La suppression annoncée du juge d’instruction sera-t-elle un progrès pour la préservation des libertés publiques ? Les futurs procureurs omniscients ne devront-ils rendre de compte qu’au garde des sceaux ? Vous le savez, ce projet de réforme suscite d’ores et déjà l’inquiétude du Conseil de l’Europe.

En tout état de cause, le projet de loi organique qui nous occupe ce matin rend applicable un article de la Constitution entériné de façon régulière par le Parlement réuni en Congrès. Dont acte !

L’article 65 fait donc partie du droit de la République et les objectifs affichés ne peuvent que susciter notre adhésion puisqu’il s’agit de faciliter l’accès du justiciable au CSM, de renforcer l’indépendance de la justice et de garantir l’impartialité du Conseil.

S’agissant d’abord des deux formations compétentes à l’égard des magistrats du siège et du parquet, le texte détermine les modalités pratiques de désignation, de vacance ou encore d’incompatibilité des membres.

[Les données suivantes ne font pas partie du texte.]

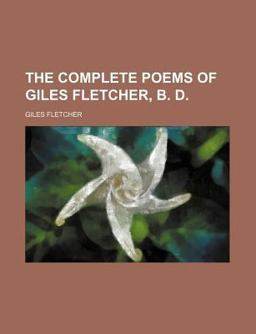 The Complete Poems of Giles Fletcher, B D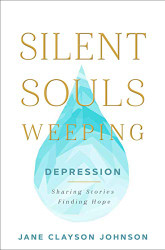 Silent Souls Weeping: Depression-Sharing Stories Finding Hope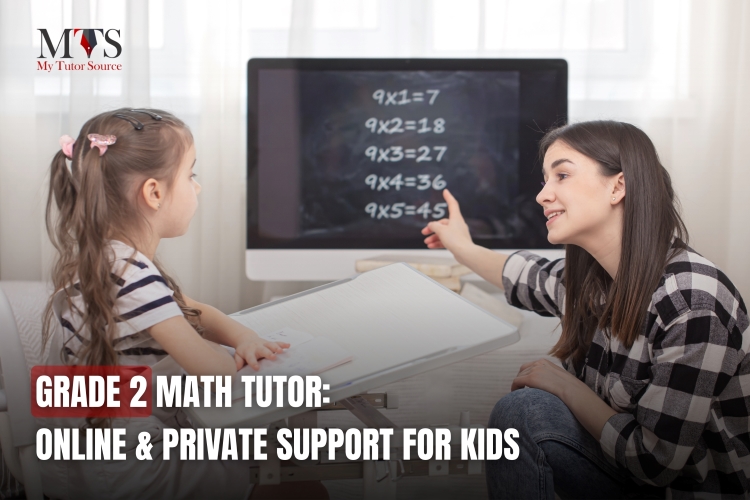 Grade 2 Math Tutoring in Canada: Encourage Confident Learning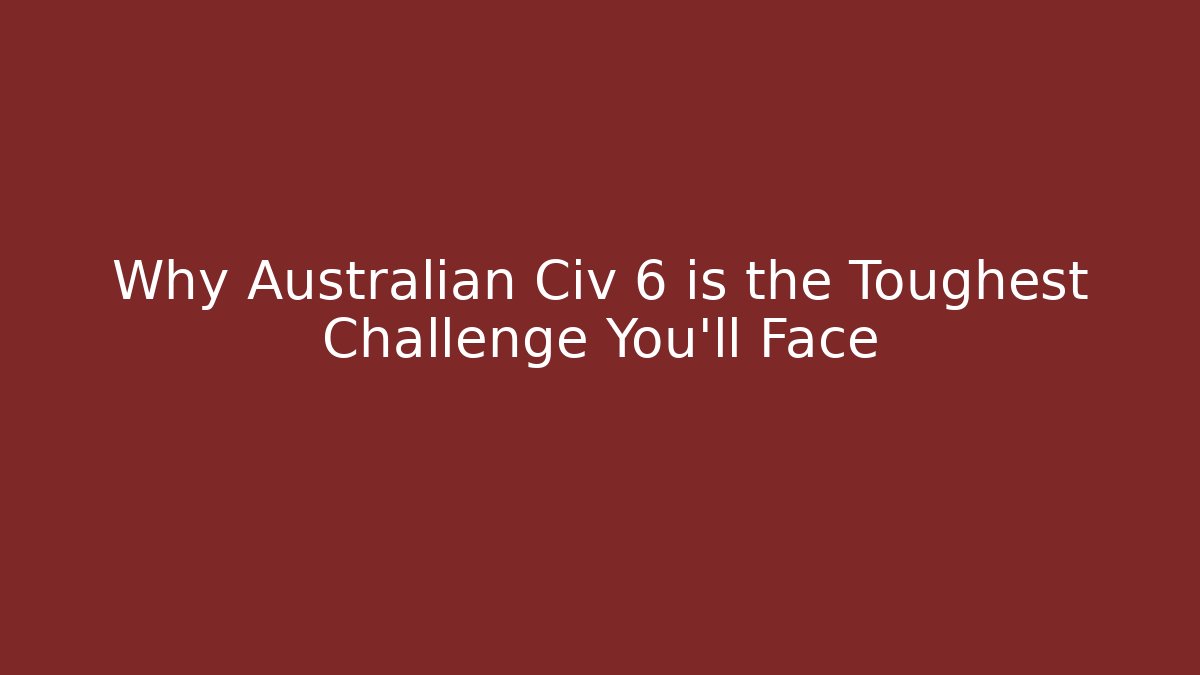 Why Australian Civ 6 is the Toughest Challenge You'll Face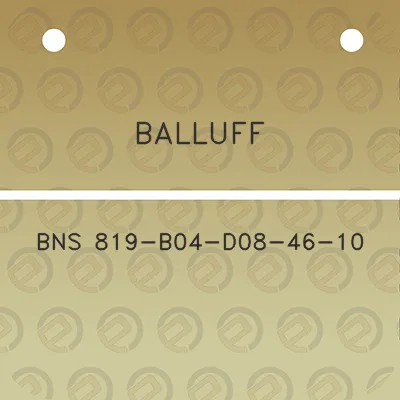 balluff-bns-819-b04-d08-46-10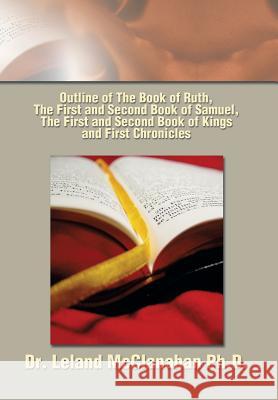 Outline of The Book of Ruth, The First and Second Book of Samuel, The First and Second Book of Kings and First Chronicles McClanahan, Leland 9781493155224 Xlibris Corporation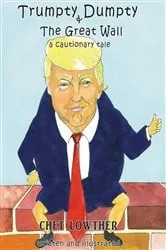 Book cover of Trumpty Dumpty and The Great Wall by Unknown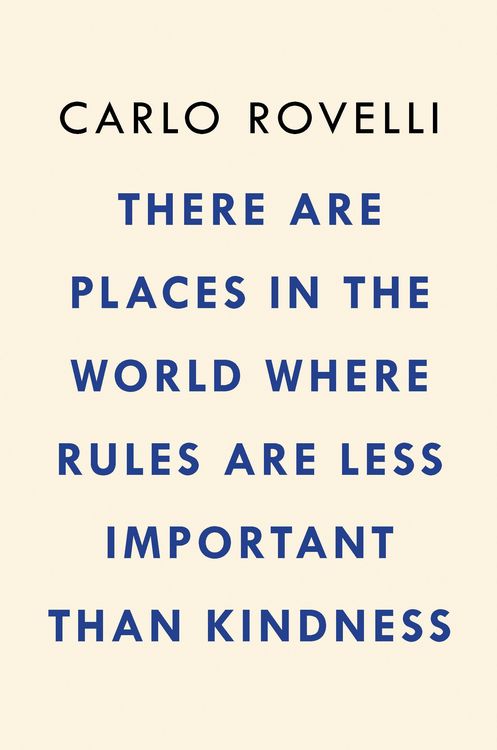 Produktbild: There Are Places in the World Where Rules Are Less Important Than Kindness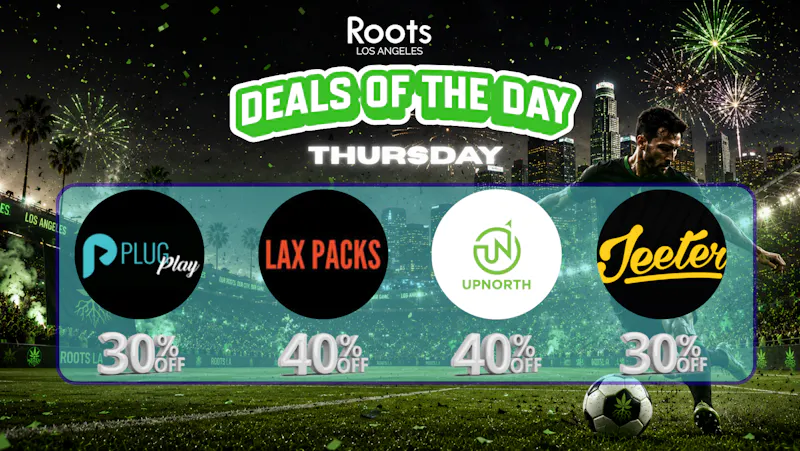 Roots Dispensary UP TO 40% OFF LAX, PLUGPLAY, & UPNORTH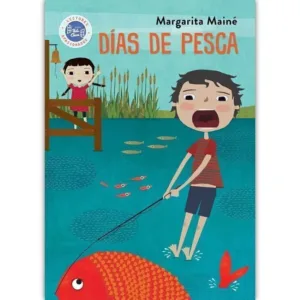 Dias De Pesca- Las Aventuras De Fernan – Margarita Maine
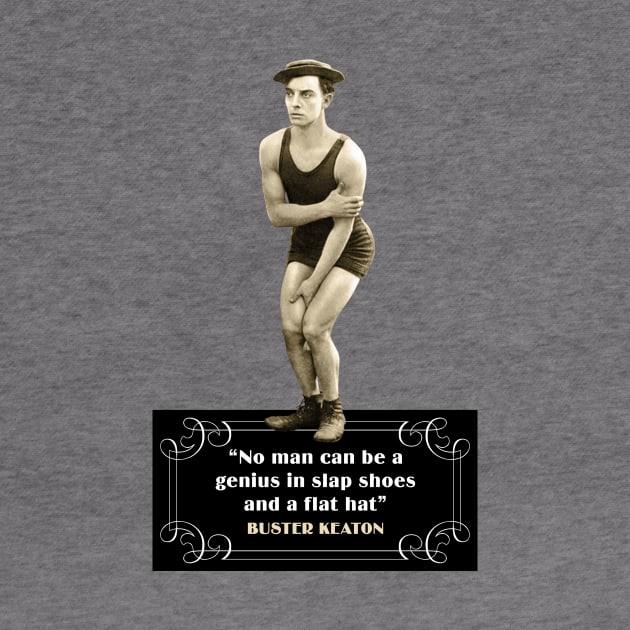 Buster Keaton Quotes: “No Man Can Be A Genius In Slap Shoes And A Flat Hat” by PLAYDIGITAL2020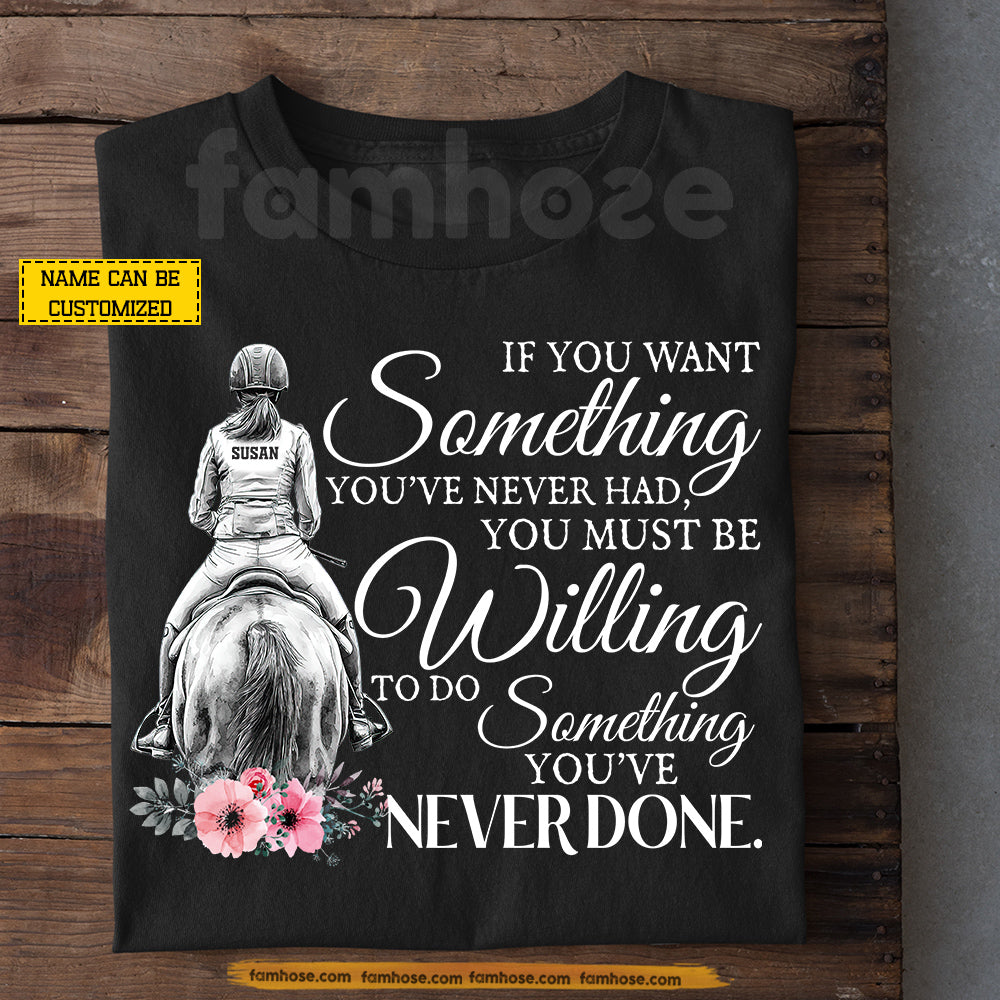 Personalized Horse Riding Girl T-Shirt, You Must Be Willing To Do Something You've Never Done Tees Gift For Horse Girl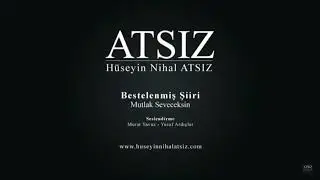 Mutlak Seveceksin Beni - Murat Yavuz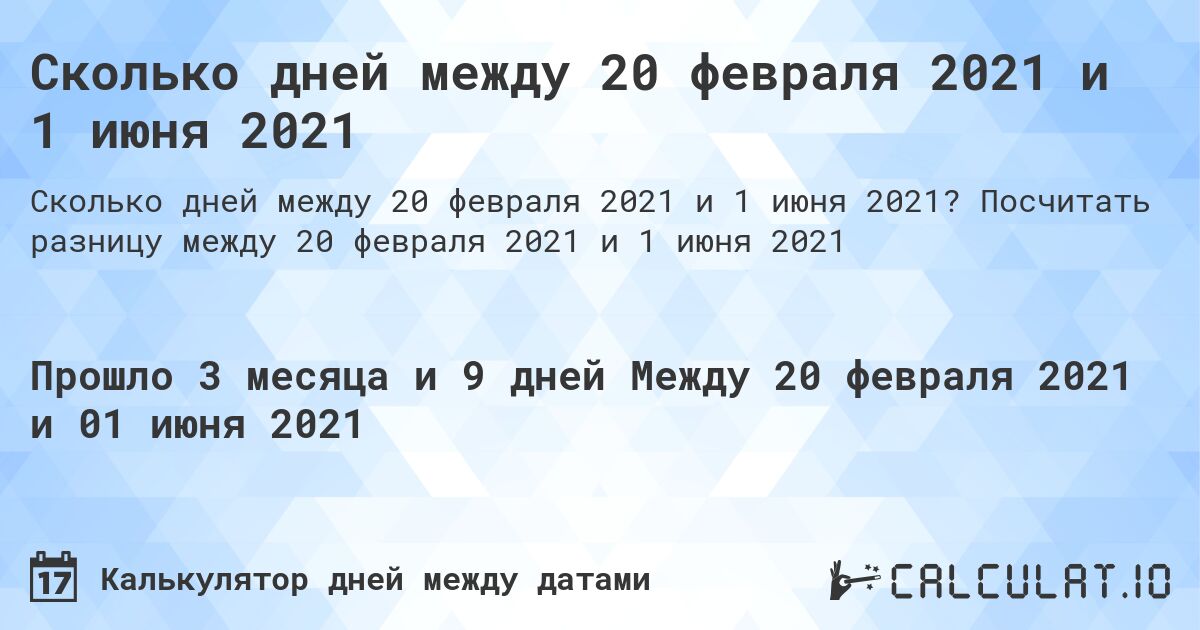 Сколько дней между 20 февраля 2021 и 1 июня 2021. Посчитать разницу между 20 февраля 2021 и 1 июня 2021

À cet égard, nous nous réjouissons que notre commission, grâce à l’approche toujours constructive et ouverte de son rapporteur, ait quelque peu limité les risques de conflit d’intérêt pour ce qui concerne l’avocat membre du CSM. Comme Jean-Pierre Michel, en ce qui me concerne en tant qu’avocat honoraire, je m’interroge toujours sur les raisons qui ont pu amener à prévoir cette présence d’un avocat au sein du CSM. Comme quoi nous ne sommes pas forcément corporatistes…

Quoi qu’il en soit, il est bon d’obliger l’avocat membre du CSM à s’abstenir de plaider ou de tenir le rôle, pour une partie engagée dans une procédure, de conseil juridique dans l’instance en cause.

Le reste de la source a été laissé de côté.